Jürgen Klopp's Near-Miss with Kylian Mbappé and French Stars
In the cool New England air of Foxborough, amid the noise and neon of a major tournament night, Jürgen Klopp stood on the touchline and watched what might have been.
France’s stars were going through their warm-up, Kylian Mbappé among them, when Klopp – now a MagentaTV pundit rather than the heartbeat of Anfield – caught his eye. The two shared a brief reunion after Les Bleus’ quarter-final win over Morocco, Klopp then lifting an arm in acknowledgement towards Mbappé’s mother in the stands. A small gesture, but loaded with history.
Because Klopp has chased this generation of French talent before. And lost. Every time.
“I've already negotiated with three of their players and never got them,” he admitted, half laughing, half wincing. The list is brutal for any Liverpool supporter to hear in one breath: Mbappé, Ousmane Dembélé, Adrien Rabiot. All pursued. None secured.

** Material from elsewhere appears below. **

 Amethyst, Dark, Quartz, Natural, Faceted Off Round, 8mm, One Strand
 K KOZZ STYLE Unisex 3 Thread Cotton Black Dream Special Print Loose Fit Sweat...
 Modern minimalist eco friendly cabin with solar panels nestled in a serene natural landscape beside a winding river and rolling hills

The one that still stings most came in 2017. That was the year Liverpool tried to pull off the most clandestine transfer pitch of Klopp’s career, a covert operation stitched together at 30,000 feet.
With Mbappé still at Monaco and the entire continent circling, Liverpool’s hierarchy decided to move in the shadows. They chartered a private jet out of Blackpool, of all places, and flew to Nice under the radar, determined to keep the meeting away from cameras and gossip.

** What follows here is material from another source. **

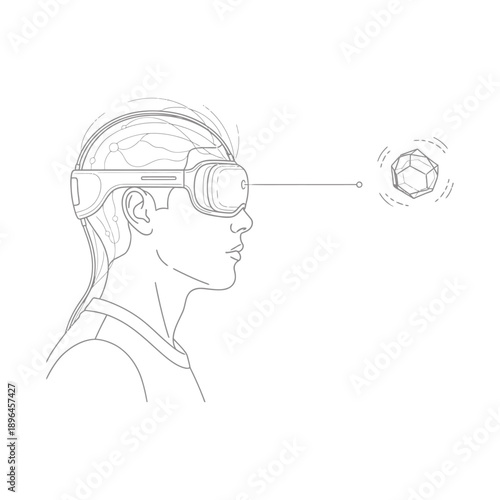 Person wearing virtual reality goggles experiencing immersive digital environment with 3d object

“With Mbappé, it was before he went to Paris,” Klopp recalled. “That was roughly €500 million, the most expensive non-transfer we've ever made.”

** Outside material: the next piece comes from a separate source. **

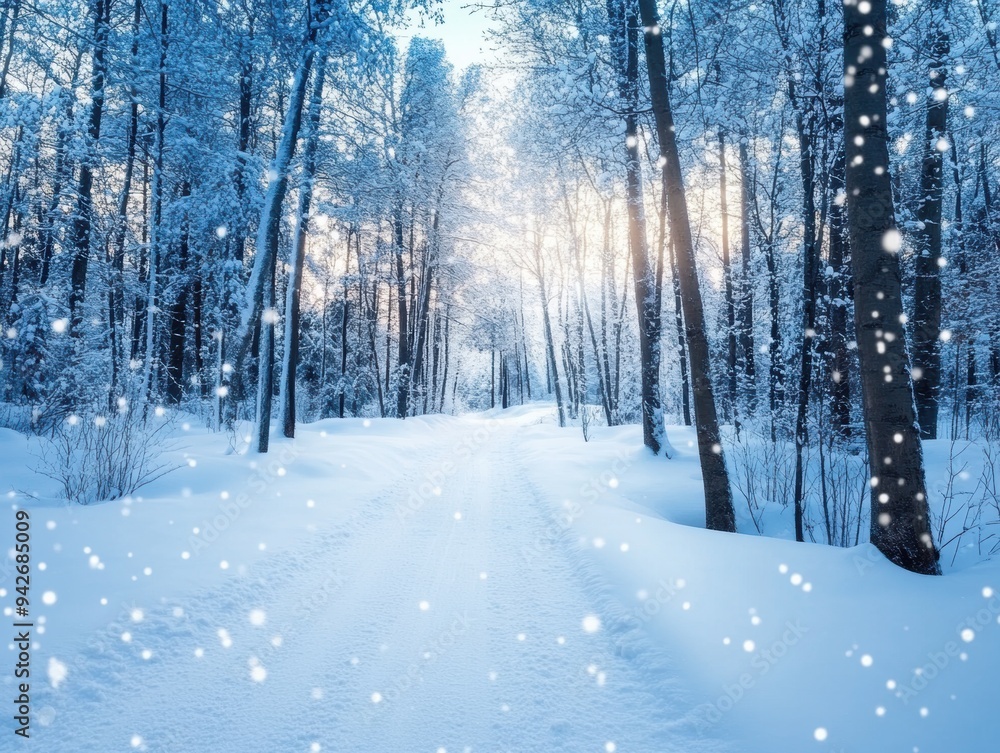 A pristine snow-covered path winds through a tranquil forest, with delicate snowflakes gently dusting the serene landscape. A pristine snow-covered path winds through a tranquil forest, with delicate snowflakes gently dusting the serene landscape.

In Nice, the cloak-and-dagger element went up a level. The whole Mbappé family boarded a private jet fitted out with five cabins. No terminals. No lounges. No chance encounters. Just a small group sealed off from the outside world, circling in the skies above the south of France.
“We flew from Blackpool to Nice. In Nice, the whole Mbappé family boarded a private jet with five cabins. Then we flew around in circles and had a delicious meal. We weren't allowed to be seen. It was great – and then he went to Paris.”
That last line still lands like a punchline with a bruise. Liverpool rolled out privacy, charm, and the promise of Anfield. Mbappé chose Paris Saint-Germain and a €180 million move instead.
The story since has been anything but simple. Mbappé became the face of PSG, but his time there turned into a constant tug-of-war over power and status, with Lionel Messi and Neymar forming a superstar triangle that never quite sat comfortably. The goals flowed; the politics never stopped.
Now 27 and in the white of Real Madrid, Mbappé has reset his career at the club that long felt like destiny. The medals will come, many already expect that. Yet one box remains unticked. He is still chasing the Champions League crown that continues to elude him, even as PSG – in this telling – have twice lifted the trophy in the two years since his departure, a twist that only sharpens the irony of that decision.
Klopp, meanwhile, has stepped off the club treadmill. After deciding to leave Liverpool in 2024, he has thrown himself into life behind the microphone, his energy redirected from the technical area to the studio. It is a pause, not a retirement.
The next chapter is already looming. At 59, he stands on the brink of taking over the Germany national team once the current tournament in the United States reaches its conclusion, ready to swap club obsession for the unforgiving rhythms of international football.
On this night, though, his past and present overlapped on the touchline. The coach who once flew secret loops over the Mediterranean to woo a teenager now watched that same player lead his country into another semi-final. Mbappé’s goal against Morocco had carried France through the last eight, his focus now fixed on dragging Les Bleus all the way to the trophy.
Klopp could only watch, remember, and wonder how different the story might have looked if that private jet, that secret meal, and that “most expensive non-transfer” had ended with Mbappé walking out at Anfield instead.